Photo de Nicholas Sarkozy prise le 15 novembre 2016 à Nice, lors de sa campagne pour les élections aux primaires de la droite.

Les actionnaires d'AccorHotels ont rejeté vendredi 5 mai un projet de résolution visant à supprimer le droit de vote double et ont approuvé à une très large majorité l'entrée de l'ancien président de la République Nicolas Sarkozy au sein du conseil d'administration.

L'ancien chef d'État, éliminé au premier tour de la primaire de la droite en novembre dernier, avait été nommé le 21 février administrateur indépendant du groupe, auquel il doit notamment apporter son "expertise internationale".

Nicolas Sarkozy a officiellement intégré vendredi le conseil d'administration du leader européen de l'hôtellerie, AccorHotels. C'est la première fois en France qu'un ancien chef d'Etat entre au conseil d'administration d'un grand groupe. La résolution a été approuvée par plus de 97% des voix par les actionnaires réunis en assemblée générale à Paris.

Le PDG du groupe, Sébastien Bazin, a justifié l'arrivée de M. Sarkozy en vantant «les relations» qu'il avait nouées à travers le monde durant son mandat et sa «capacité de lecture» en matière politique et économique. «On a souhaité que le conseil d'administration bénéficie d'une expertise internationale», a-t-il déclaré.

Le patron d'AccorHotels avait récemment repoussé différentes critiques sur le choix inédit. «Pourquoi est-ce que les Anglais, les Allemands, les Hollandais, les Américains, ont tous offert aux anciens hommes de pouvoir de toutes sensibilités confondues un poste dans les grandes entreprises ? La France ne l'a jamais fait (mais) c'est du bon sens», avait-il notamment estimé.

Nicholas Sarkozy et Sébastien Bazin se connaissent bien.

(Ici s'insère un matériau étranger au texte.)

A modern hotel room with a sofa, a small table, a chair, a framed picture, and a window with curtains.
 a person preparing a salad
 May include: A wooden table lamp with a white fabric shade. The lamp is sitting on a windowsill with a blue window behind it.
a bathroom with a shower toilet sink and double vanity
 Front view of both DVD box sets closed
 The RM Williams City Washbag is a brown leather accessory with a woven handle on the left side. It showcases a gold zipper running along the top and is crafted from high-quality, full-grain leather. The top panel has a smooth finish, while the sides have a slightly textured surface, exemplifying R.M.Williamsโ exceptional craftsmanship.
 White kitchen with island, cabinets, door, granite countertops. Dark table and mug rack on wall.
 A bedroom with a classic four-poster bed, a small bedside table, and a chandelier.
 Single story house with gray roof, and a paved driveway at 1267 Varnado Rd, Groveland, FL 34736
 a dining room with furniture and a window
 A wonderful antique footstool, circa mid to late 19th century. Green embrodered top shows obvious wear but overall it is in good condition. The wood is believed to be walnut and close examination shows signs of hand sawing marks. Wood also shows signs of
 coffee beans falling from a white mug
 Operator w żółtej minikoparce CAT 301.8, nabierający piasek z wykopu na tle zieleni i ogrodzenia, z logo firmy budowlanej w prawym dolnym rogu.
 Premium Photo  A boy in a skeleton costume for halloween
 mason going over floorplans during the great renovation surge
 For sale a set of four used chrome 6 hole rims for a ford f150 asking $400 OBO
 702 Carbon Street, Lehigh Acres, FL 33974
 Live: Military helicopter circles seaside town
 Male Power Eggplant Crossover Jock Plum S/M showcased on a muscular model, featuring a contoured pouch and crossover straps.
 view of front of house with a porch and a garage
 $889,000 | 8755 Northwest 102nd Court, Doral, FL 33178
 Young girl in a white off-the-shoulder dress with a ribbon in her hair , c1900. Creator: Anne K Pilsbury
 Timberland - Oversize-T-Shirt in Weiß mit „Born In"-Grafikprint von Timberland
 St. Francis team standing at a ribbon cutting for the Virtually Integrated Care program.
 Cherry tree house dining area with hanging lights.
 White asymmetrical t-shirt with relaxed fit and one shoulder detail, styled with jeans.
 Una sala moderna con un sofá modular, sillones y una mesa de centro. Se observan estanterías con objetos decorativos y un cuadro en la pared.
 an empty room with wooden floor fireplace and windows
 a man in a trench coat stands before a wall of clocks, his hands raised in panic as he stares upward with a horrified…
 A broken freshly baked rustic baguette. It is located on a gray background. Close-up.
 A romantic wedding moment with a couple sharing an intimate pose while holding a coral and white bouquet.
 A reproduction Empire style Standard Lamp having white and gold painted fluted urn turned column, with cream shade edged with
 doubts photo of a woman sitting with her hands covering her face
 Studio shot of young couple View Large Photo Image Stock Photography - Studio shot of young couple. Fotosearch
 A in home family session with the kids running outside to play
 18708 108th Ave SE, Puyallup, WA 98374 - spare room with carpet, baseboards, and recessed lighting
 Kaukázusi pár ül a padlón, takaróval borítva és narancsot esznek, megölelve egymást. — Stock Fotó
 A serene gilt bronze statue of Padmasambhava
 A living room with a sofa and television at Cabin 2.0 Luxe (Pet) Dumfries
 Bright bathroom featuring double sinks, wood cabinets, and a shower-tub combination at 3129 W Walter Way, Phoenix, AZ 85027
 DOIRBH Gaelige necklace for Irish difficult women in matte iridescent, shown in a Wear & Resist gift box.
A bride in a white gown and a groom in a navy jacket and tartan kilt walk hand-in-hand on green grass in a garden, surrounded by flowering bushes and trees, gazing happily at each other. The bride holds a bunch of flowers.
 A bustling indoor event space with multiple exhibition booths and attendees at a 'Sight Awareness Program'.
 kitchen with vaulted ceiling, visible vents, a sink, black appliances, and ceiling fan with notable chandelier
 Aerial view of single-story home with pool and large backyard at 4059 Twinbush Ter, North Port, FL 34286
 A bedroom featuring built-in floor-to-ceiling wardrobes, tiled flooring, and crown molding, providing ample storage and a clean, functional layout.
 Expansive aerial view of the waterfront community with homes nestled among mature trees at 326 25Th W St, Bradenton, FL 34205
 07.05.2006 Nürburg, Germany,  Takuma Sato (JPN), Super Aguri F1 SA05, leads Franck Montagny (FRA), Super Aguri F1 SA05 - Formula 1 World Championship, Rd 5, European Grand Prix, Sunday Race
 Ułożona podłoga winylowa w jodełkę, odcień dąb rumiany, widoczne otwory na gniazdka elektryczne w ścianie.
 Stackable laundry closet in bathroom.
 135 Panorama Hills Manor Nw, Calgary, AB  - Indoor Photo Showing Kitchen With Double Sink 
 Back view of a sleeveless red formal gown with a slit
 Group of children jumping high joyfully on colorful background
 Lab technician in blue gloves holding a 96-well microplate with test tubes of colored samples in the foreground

Avant de diriger AccorHotels, M. Bazin présidait le fonds américain Colony Capital qui a participé en 2006 au rachat du PSG, dont M. Sarkozy est un fervent supporteur.

En juin 2011, M. Sarkozy, alors président de la République, avait présenté M. Bazin, alors président du PSG, au Qatar Sport Investment (QSI), émanation du fonds souverain du Qatar, qui a racheté la participation de Colony Capital dans le club parisien. (avec AFP et Reuters)

Les votes double conservés mais loin de faire l’unanimité

La résolution avait été déposée par un groupe de 14 investisseurs représentant 2,3% du capital et conseillés par le cabinet Proxinvet, estimant que les droits de vote double peuvent permettre à un actionnaire d’avoir une influence notable voire de prendre le contrôle d’une entreprise sans avoir à en payer le prix

Les cabinets Institutional Shareholder Services (ISS) et Glass Lewis, puissants organismes internationaux de conseil aux investisseurs, étaient eux aussi favorables à cette proposition, rejetée le mois dernier par le conseil d’administration du groupe hôtelier au nom de son « attachement à la fidélisation et la stabilité de son actionnariat ».

« Pour que notre stratégie de long terme soit comprise, il faut avoir un actionnariat stable et fidèle », a déclaré Sébastien Bazin, PDG du groupe, lors de l’assemblée.

La résolution a recueilli 52,36% des voix, alors qu’elle devait obtenir les deux tiers des votes pour être approuvée.

Depuis sa dernière assemblée générale, l’actionnariat du groupe s’est profondément modifié.

Le groupe hôtelier chinois Jin Jiang en est devenu le premier actionnaire, avec 12,56% du capital, suivi à l’été 2016 par le fonds qatari Qatar Investment Authority (10,36%) et le saoudien Al Saud (5,79%) en échange du rachat par AccorHotels du groupe FRHI et de ses prestigieuses marques Raffles, Fairmont et Swissôtel.

Les statuts d’AccorHotels prévoyant d’accorder des droits de vote double pour toutes les actions au nominatif détenues depuis plus de deux ans, ces trois grands actionnaires ne sont pas encore éligibles à ces droits.

Premier concurrent d’AccorHotels en France en étant propriétaire de Louvre Hotels Group, Jin Jiang ne dispose pas de siège au conseil du groupe, tandis que le fonds qatari en a deux et le saoudien un.

Le PDG du groupe a indiqué, en réponse à une question, que le choix de Nicolas Sarkozy n’était « nullement lié » à la montée de Jian Jiang au capital du groupe mais que sa présence apporterait à AccorHotels une « meilleure lecture » de la situation internationale.

Certains analystes ont estimé que l’arrivée de Nicolas Sarkozy, défenseur des fleurons français et proche du Qatar, pourrait faire barrage aux visées de Jin Jiang sur AccorHotels.